Work instruction> Leaving out all pictures, copy the lines below exactly, from the line with "Field Notebook Cover" to the last line, both ends included.

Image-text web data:
----
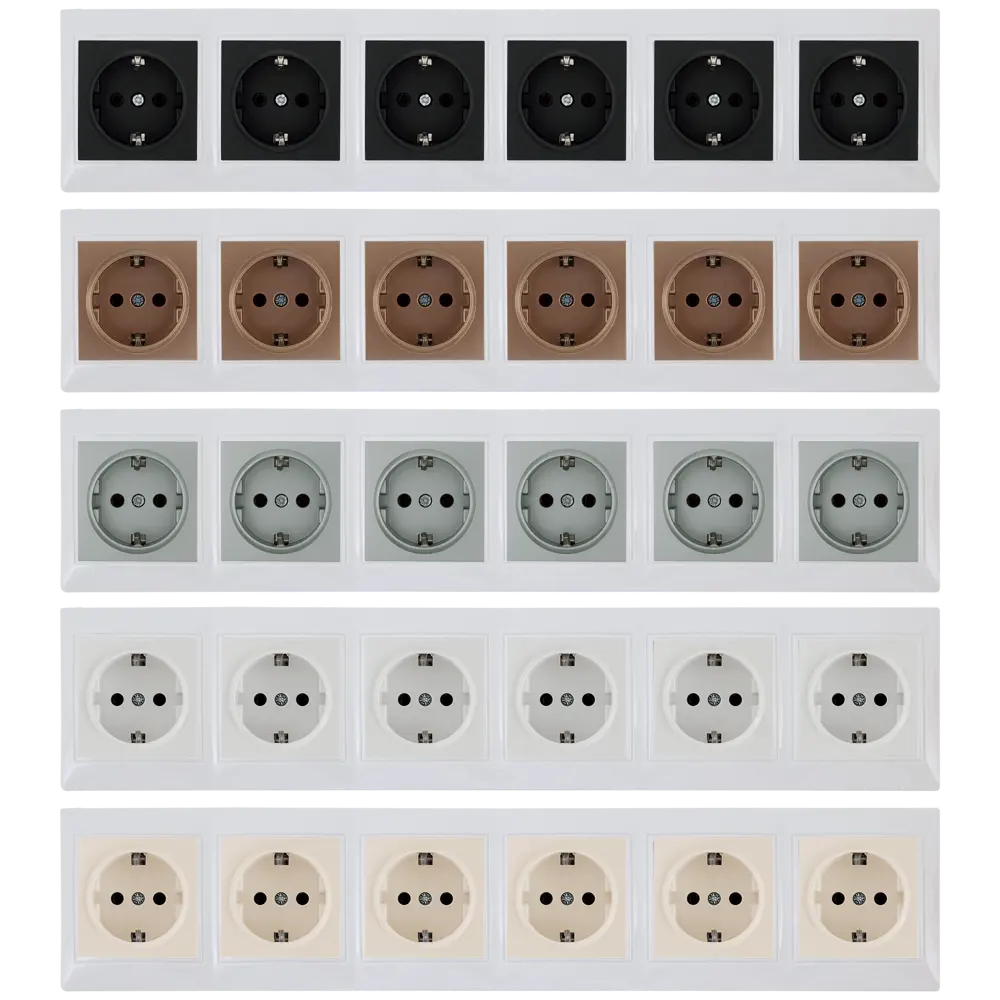 Рамка TDM ELECTRIC Таймыр на 6 розеток — элегантное решение для интерьера 85591186 STLM-0064412 - Вид №1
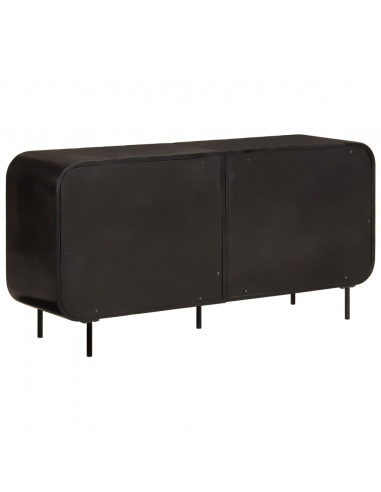 Credenza 140x35x70 cm in Legno Massello di Recupero e Metallo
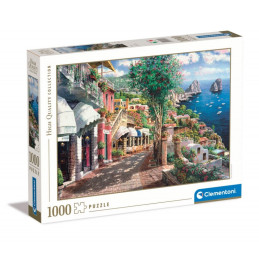 Puzzle carton 1000 piese Clementoni High quality - Vedere din Capri, 39257, 14+ ani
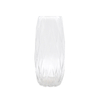 Colorful Unique Triangular Rose Vase Modern Glass Thin Tall Vase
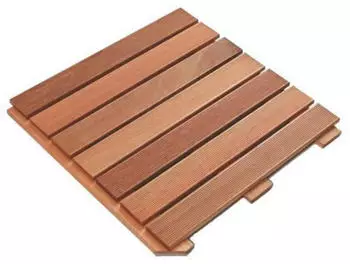 ROG-Gardenline Holzfliese Bangkirai 50 x 50 cm (4 Stück)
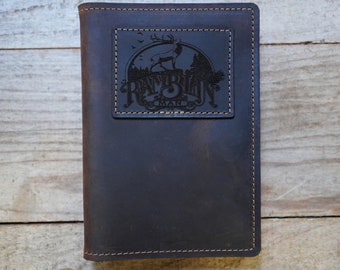 Field Notebook Cover - Genuine Oil Tanned Leather - Hand Made in the Appalachian Mountains- Built to last - Notepad included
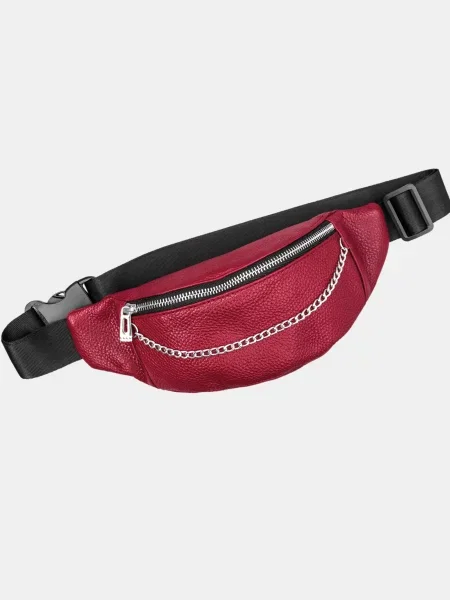 Famk Поясна сумка Шкіра червоний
----
Exercise response>
 Field Notebook Cover - Genuine Oil Tanned Leather - Hand Made in the Appalachian Mountains- Built to last - Notepad included
 Famk Поясна сумка Шкіра червоний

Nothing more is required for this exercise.